Kanclerz Niemiec Olaf Scholz zaapelował o intensywne śledztwo w sprawie ataku rakietowego w Polsce - poinformowała niemiecka agencja DPA.

Niemiecki kanclerz po spotkaniu z przywódcami państw zachodnich na Bali w Indonezji, które odbyło się w środę, po informacji o eksplozji pocisku w Przewodowie powiedział, że "obecnie konieczne jest dokładne wyjaśnienie, jak mogły powstać tam takie zniszczenia."

Scholz stanowczo potępił też ostatnie ataki Rosji na Ukrainę.

"Widzimy, że niszczone są zakłady energetyczne, uderzają w linie transformatorowe, niszczone są wodociągi.
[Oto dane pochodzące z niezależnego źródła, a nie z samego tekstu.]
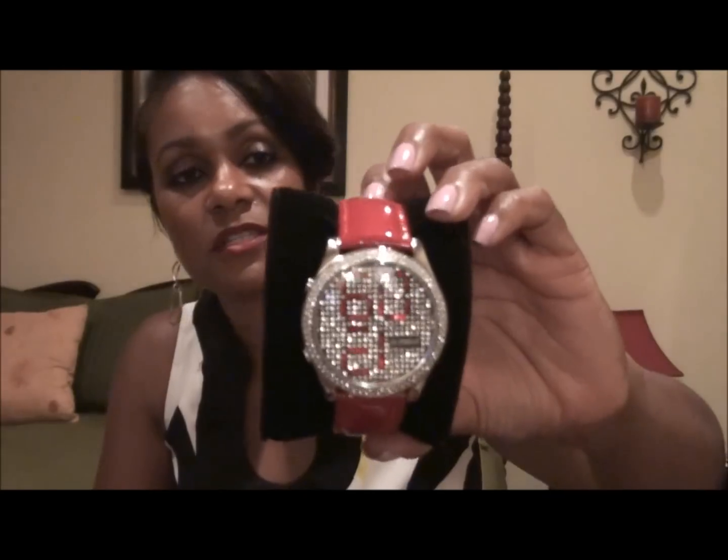This watch is stainless steel and water resistant, which is great. I really like these watches. I don't know what I'm going to do with the red one — I don't know if I'm going to keep it or maybe give it away to one of my friends as a present. What do you guys think I should do with it? It was just such a pretty color, I just liked it.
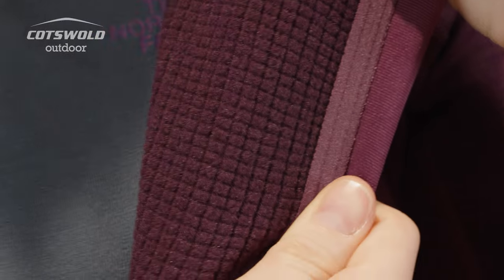It's going to wick well, and then when layered under something it's going to trap heat well, so it makes it a super versatile piece of clothing. This would be an ideal mid-layer.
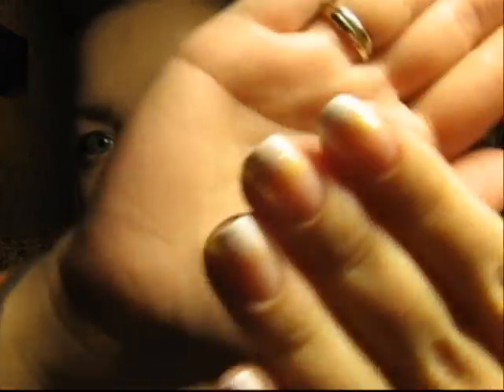But today I will show you the nail design that I had on my wedding. I wasn't the one to draw the design — I asked a professional to do it for my wedding, but I liked it very much and decided to recreate it and show you guys.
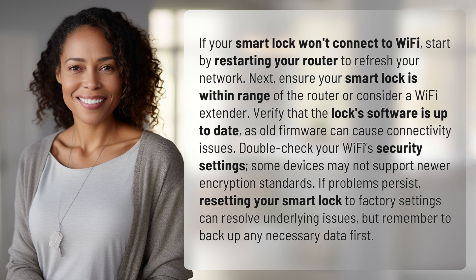If problems persist, resetting your smart lock to factory settings can resolve underlying issues, but remember to back up any necessary data first.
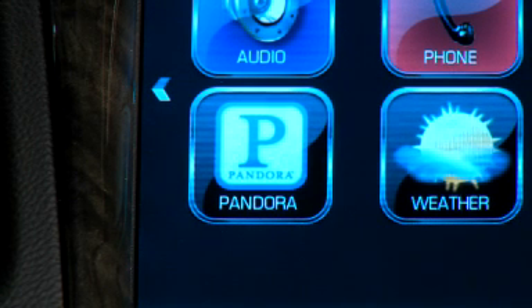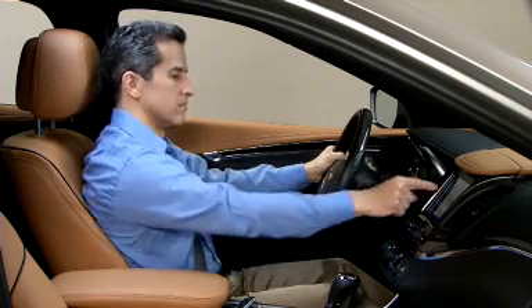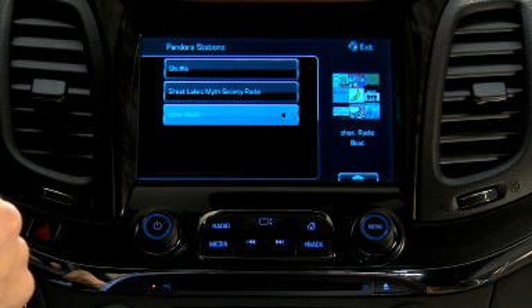Select Pandora on the touch screen and the system will tune to the last Pandora station played. You can browse your list of Pandora stations to change channels.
To nie jest akceptowalna forma prowadzenia tej i tak nieuzasadnionej wojny" - oświadczył Scholz.

We wtorek o godzinie 15:40 na terenie wsi Przewodów w powiecie hrubieszowskim w województwie lubelskim spadł pocisk produkcji rosyjskiej, w wyniku czego śmierć poniosło dwóch obywateli Rzeczypospolitej Polskiej - przekazało polskie MSZ w komunikacie w nocy z wtorku na środę.

Prezydent Andrzej Duda w nocnym oświadczeniu dla mediów powiedział, że "nie mamy w tej chwili żadnych jednoznacznych dowodów na to, kto wystrzelił rakietę, prowadzone są czynności śledcze."

Prezydent USA Joe Biden w środę po spotkaniu z przywódcami państw zachodnich na Bali w Indonezji oświadczył, że "to mało prawdopodobne, że rakieta, która spadła na Polskę została wystrzelona z Rosji". (PAP)

mma/

arch.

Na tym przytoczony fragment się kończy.